When you set down the entries, keep every word exactly as it is but drop the pictures.

▶ _Information supplied_:
※ ※ ※

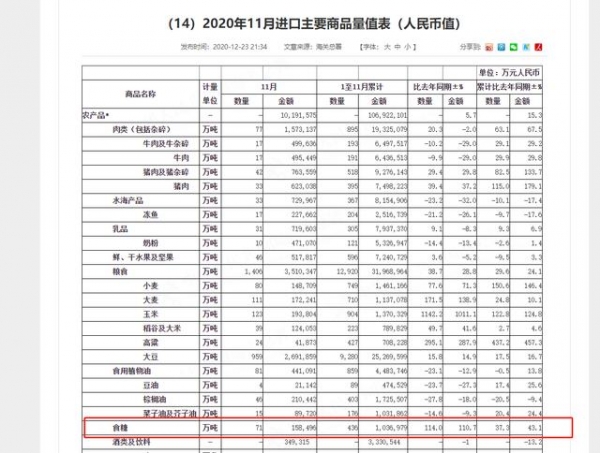 「进出口」11月我国进口食糖71万吨，同比增加38万吨-1.jpg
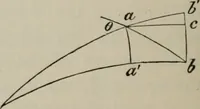 An illustration from A treatise on the analytic geometry of three dimensions (1882)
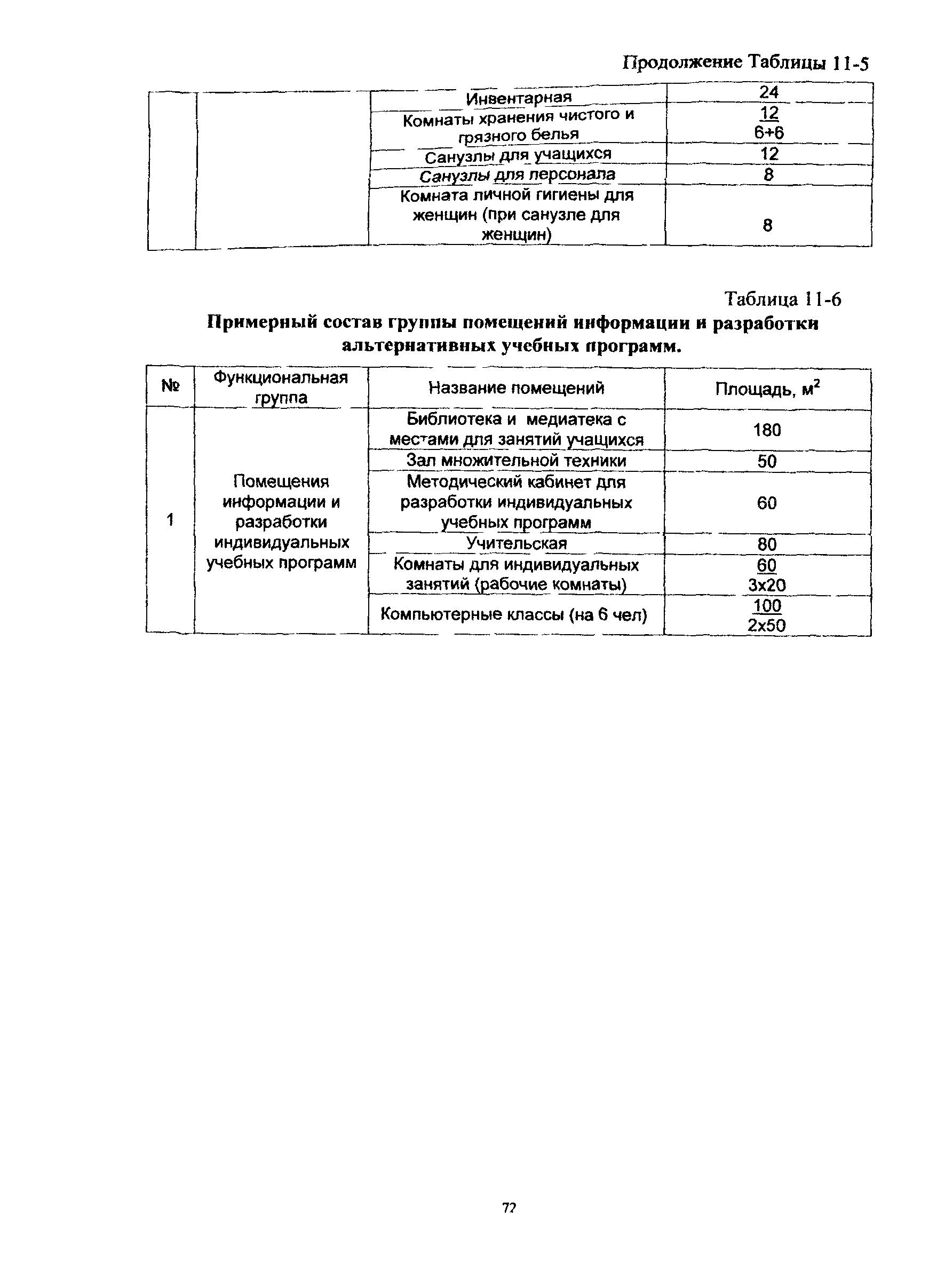 Пособие к МГСН 4.06-03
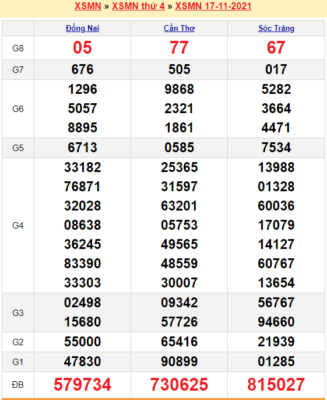 Soi cầu XSMN 18/11/2021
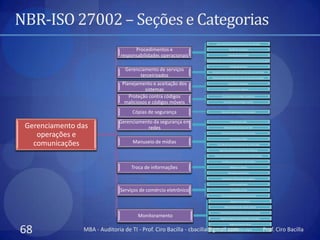 NBR-ISO 27002 – Seções e Categorias
                                                                          Documentação dos procedimentos de operação

                                     Procedimentos e                                   Gestão de mudanças

                               responsabilidades operacionais                         Segregação de funções

                                                                  Separação dos recursos de desenvolvimento, teste e de produção

                                                                                        Entrega de serviços
                                 Gerenciamento de serviços           Monitoramento e análise crítica de serviços terceirizados
                                       terceirizados                  Gerenciamento de mudanças para serviços terceirizados

                               Planejamento e aceitação dos                           Gestão de capacidade

                                         sistemas                                     Aceitação de sistemas


                                  Proteção contra códigos                       Controles contra códigos maliciosos

                                maliciosos e códigos móveis                      Controles contra códigos móveis



                                    Cópias de segurança                        Cópias de segurança das informações



                              Gerenciamento da segurança em                             Controles de redes

 Gerenciamento das                       redes                                    Segurança dos serviços de rede


    operações e                                                                Gerenciamento de mídias removíveis

                                                                                        Descarte de mídias

   comunicações                     Manuseio de mídias                    Procedimentos para tratamento de informação

                                                                             Segurança da documentação dos sistemas

                                                                        Políticas e procedimentos para troca de informações

                                                                               Acordos para a troca de informações

                                   Troca de informações                                 Mídias em trânsito

                                                                                      Mensagens eletrônicas

                                                                               Sistemas de informações do negócio

                                                                                       Comércio eletrônico

                              Serviços de comércio eletrônico                           Transações on-line

                                                                              Informações publicamente disponíveis

                                                                                        Registros de auditoria

                                                                                  Monitoramento do uso do sistema

                                                                             Proteção das informações dos registros (log)
                                      Monitoramento                           Registros (log) de administrador e operador

                                                                                       Registros (log) de falhas


68              MBA - Auditoria de TI - Prof. Ciro Bacilla - cbacilla@gmail.com       Sincronização dos relógios              Prof. Ciro Bacilla
 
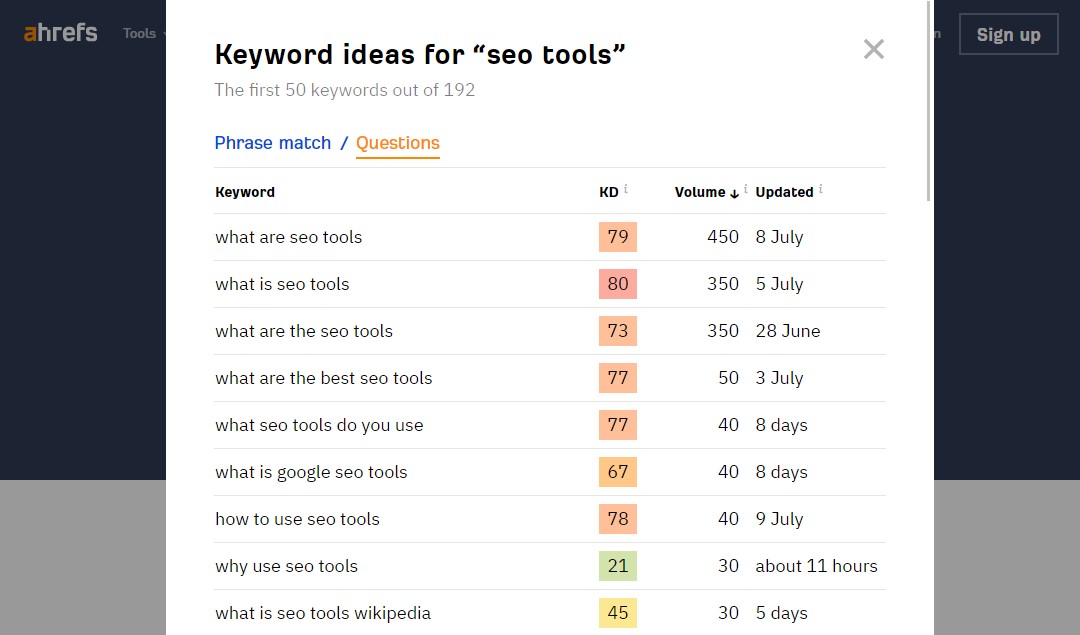 Ahrefs Questions Keyword Ideas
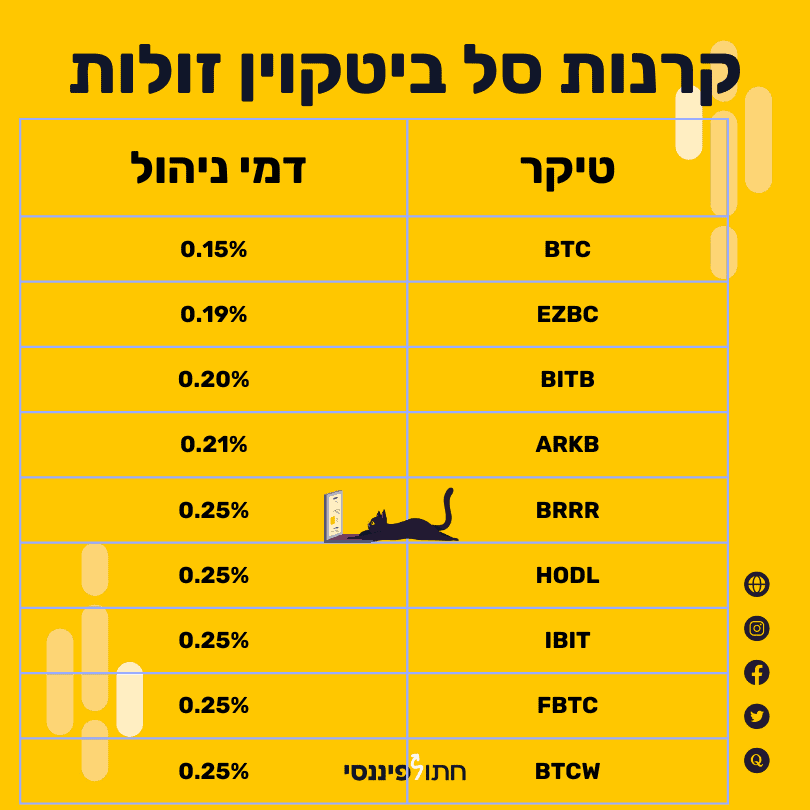 קרנות סל ביטקוין פופולריות, זולות ומומלצות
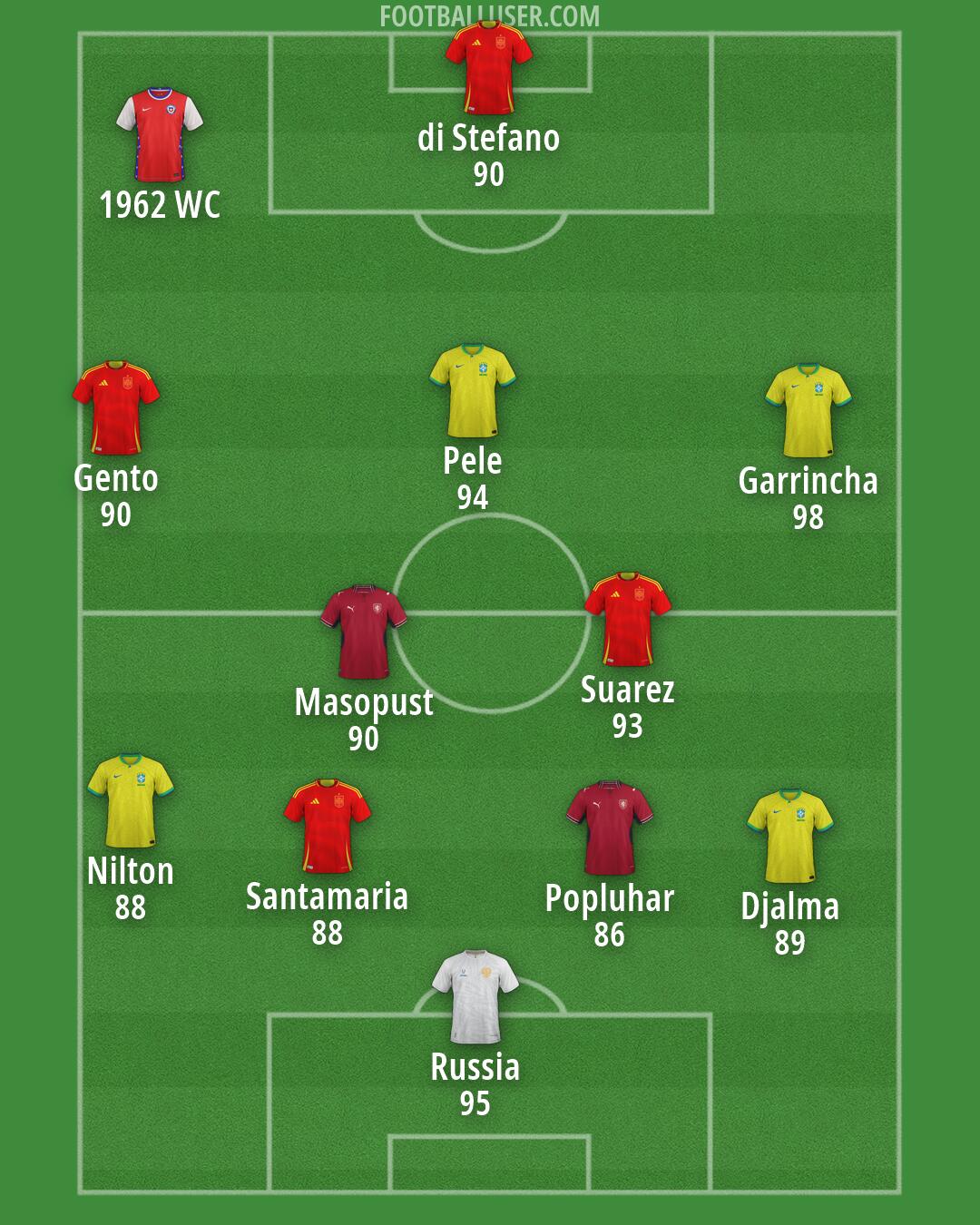 Custom Team Formation 2026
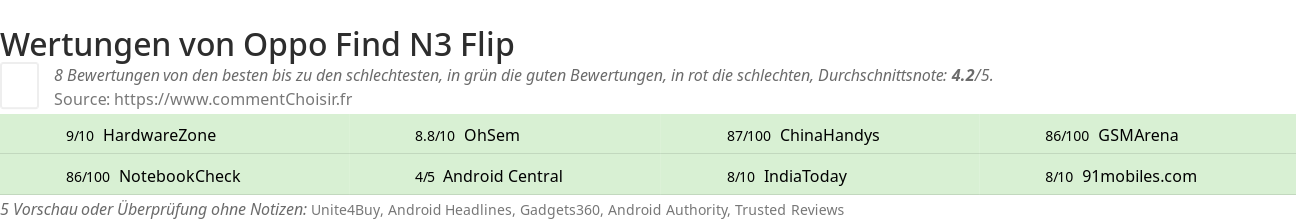 Ratings Oppo Find N3 Flip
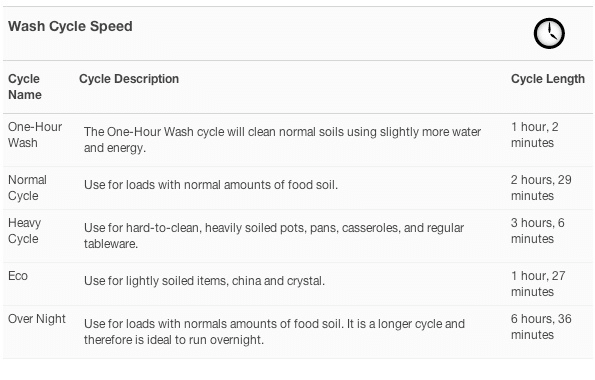 washing speed.jpg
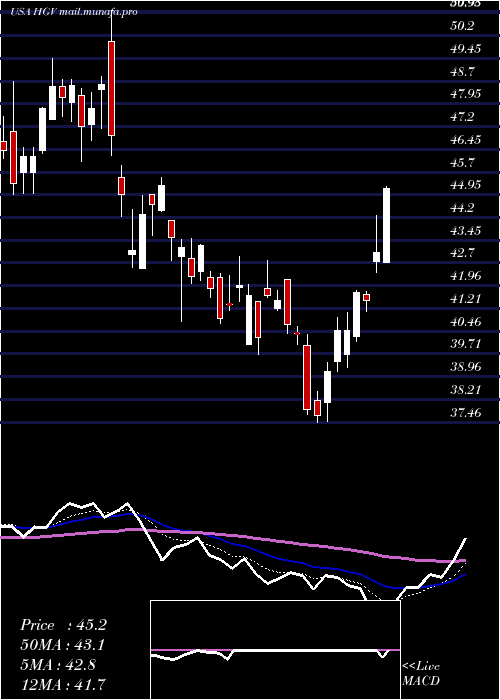  Daily chart HiltonGrand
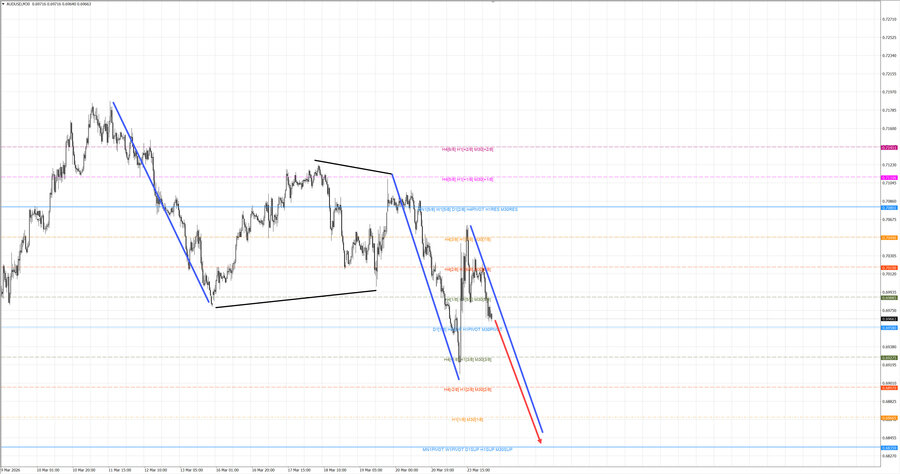 audusd m30 06-39 24.03.26.jpg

※ ※ ※

▶ _Task answer_:
 「进出口」11月我国进口食糖71万吨，同比增加38万吨-1.jpg
 An illustration from A treatise on the analytic geometry of three dimensions (1882)
 Пособие к МГСН 4.06-03
 Soi cầu XSMN 18/11/2021
 NBR-ISO 27002 – Seções e Categorias
                                                                          Documentação dos procedimentos de operação

                                     Procedimentos e                                   Gestão de mudanças

                               responsabilidades operacionais                         Segregação de funções

                                                                  Separação dos recursos de desenvolvimento, teste e de produção

                                                                                        Entrega de serviços
                                 Gerenciamento de serviços           Monitoramento e análise crítica de serviços terceirizados
                                       terceirizados                  Gerenciamento de mudanças para serviços terceirizados

                               Planejamento e aceitação dos                           Gestão de capacidade

                                         sistemas                                     Aceitação de sistemas


                                  Proteção contra códigos                       Controles contra códigos maliciosos

                                maliciosos e códigos móveis                      Controles contra códigos móveis



                                    Cópias de segurança                        Cópias de segurança das informações



                              Gerenciamento da segurança em                             Controles de redes

 Gerenciamento das                       redes                                    Segurança dos serviços de rede


    operações e                                                                Gerenciamento de mídias removíveis

                                                                                        Descarte de mídias

   comunicações                     Manuseio de mídias                    Procedimentos para tratamento de informação

                                                                             Segurança da documentação dos sistemas

                                                                        Políticas e procedimentos para troca de informações

                                                                               Acordos para a troca de informações

                                   Troca de informações                                 Mídias em trânsito

                                                                                      Mensagens eletrônicas

                                                                               Sistemas de informações do negócio

                                                                                       Comércio eletrônico

                              Serviços de comércio eletrônico                           Transações on-line

                                                                              Informações publicamente disponíveis

                                                                                        Registros de auditoria

                                                                                  Monitoramento do uso do sistema

                                                                             Proteção das informações dos registros (log)
                                      Monitoramento                           Registros (log) de administrador e operador

                                                                                       Registros (log) de falhas


68              MBA - Auditoria de TI - Prof. Ciro Bacilla - cbacilla@gmail.com       Sincronização dos relógios              Prof. Ciro Bacilla
 
 Ahrefs Questions Keyword Ideas
 קרנות סל ביטקוין פופולריות, זולות ומומלצות
 Custom Team Formation 2026
 Ratings Oppo Find N3 Flip
 washing speed.jpg
  Daily chart HiltonGrand
 audusd m30 06-39 24.03.26.jpg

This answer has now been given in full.